Does the sampling rule used in traditional methods also work for SVM?

Apparently the traditional stratified random sampling still works pretty well for the SVM classification. The classification accuracy in the experiment is about 90%, which is high enough for most situations.

How does the sampling rule affect the SVM classification result?

If we can use the portion of boundary (mixing) pixels in the training set to define sampling rule, we are able to build a link among three sampling rules used above. As we include more boundary pixels into the training set, the classifier would become more sensitive and have a better performance in identifying mixing objects. However, high sensitivity could also increase the error rate while identifying mixing objects. There is a trade-off between high sensitivity and low error rate within the selection of sampling strategies.

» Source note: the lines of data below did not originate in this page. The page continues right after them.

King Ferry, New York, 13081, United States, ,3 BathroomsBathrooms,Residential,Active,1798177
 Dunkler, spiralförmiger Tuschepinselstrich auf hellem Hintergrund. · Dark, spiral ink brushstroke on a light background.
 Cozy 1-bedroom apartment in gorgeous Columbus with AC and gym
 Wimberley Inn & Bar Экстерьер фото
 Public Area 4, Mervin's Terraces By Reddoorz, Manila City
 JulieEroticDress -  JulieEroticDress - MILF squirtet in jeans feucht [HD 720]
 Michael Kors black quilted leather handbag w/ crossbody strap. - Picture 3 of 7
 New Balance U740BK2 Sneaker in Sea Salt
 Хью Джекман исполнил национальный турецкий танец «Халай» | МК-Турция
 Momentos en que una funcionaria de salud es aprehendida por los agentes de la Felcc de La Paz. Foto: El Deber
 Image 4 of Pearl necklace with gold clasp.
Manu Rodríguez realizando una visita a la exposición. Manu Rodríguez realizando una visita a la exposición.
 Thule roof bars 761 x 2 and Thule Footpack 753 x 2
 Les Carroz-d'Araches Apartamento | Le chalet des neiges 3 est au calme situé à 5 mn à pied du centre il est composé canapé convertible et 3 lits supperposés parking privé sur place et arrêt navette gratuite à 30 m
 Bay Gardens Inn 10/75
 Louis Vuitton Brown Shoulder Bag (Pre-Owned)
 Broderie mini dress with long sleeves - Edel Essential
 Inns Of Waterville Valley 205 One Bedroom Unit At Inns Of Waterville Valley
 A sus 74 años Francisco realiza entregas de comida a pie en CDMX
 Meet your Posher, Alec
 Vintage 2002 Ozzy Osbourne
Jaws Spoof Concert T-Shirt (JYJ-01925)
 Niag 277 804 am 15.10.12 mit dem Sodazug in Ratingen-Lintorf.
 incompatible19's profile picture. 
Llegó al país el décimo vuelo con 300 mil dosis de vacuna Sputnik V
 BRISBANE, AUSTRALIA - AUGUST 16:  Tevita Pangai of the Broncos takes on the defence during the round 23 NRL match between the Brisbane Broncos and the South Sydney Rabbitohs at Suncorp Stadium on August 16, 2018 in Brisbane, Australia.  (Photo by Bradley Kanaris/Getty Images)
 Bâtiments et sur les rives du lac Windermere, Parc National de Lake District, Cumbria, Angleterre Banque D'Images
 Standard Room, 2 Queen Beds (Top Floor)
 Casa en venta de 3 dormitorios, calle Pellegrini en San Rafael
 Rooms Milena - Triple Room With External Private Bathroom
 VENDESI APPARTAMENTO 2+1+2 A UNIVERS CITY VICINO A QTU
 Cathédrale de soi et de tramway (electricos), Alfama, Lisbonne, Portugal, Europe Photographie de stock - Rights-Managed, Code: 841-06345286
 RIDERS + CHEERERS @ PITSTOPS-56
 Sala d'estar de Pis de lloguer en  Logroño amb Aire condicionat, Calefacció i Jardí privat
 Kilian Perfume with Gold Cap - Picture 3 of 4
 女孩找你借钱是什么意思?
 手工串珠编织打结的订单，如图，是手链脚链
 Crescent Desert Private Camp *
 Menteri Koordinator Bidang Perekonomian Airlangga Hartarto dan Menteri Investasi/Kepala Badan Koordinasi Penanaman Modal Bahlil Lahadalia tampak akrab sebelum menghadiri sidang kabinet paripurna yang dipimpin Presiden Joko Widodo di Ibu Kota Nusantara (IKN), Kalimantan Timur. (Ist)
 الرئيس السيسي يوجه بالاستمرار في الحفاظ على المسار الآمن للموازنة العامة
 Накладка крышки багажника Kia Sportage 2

There is no generally appropriate sampling rule for all situations. However, depending on the need of classification, there exits an appropriate sampling rule for specific situation. Therefore, it is not difficult to understand why the stratified random sampling is still the first choice in practical use. Though classifier trained stratified random sampling is expected to have fair performance, it is less likely to be trapped into the problem of overestimation and underestimation.

Link

This article is a simplified version of my project report. For more detail, please read my full report A Comparison of Sampling Strategies in SVM Classification.

Reference

[1] Foody, G. M. and A. Mathur (2006). “The use of small training sets containing mixed pixels for accurate hard image classification: Training on mixed spectral responses for classification by a SVM.” Remote Sensing of Environment 103(2): 179-189.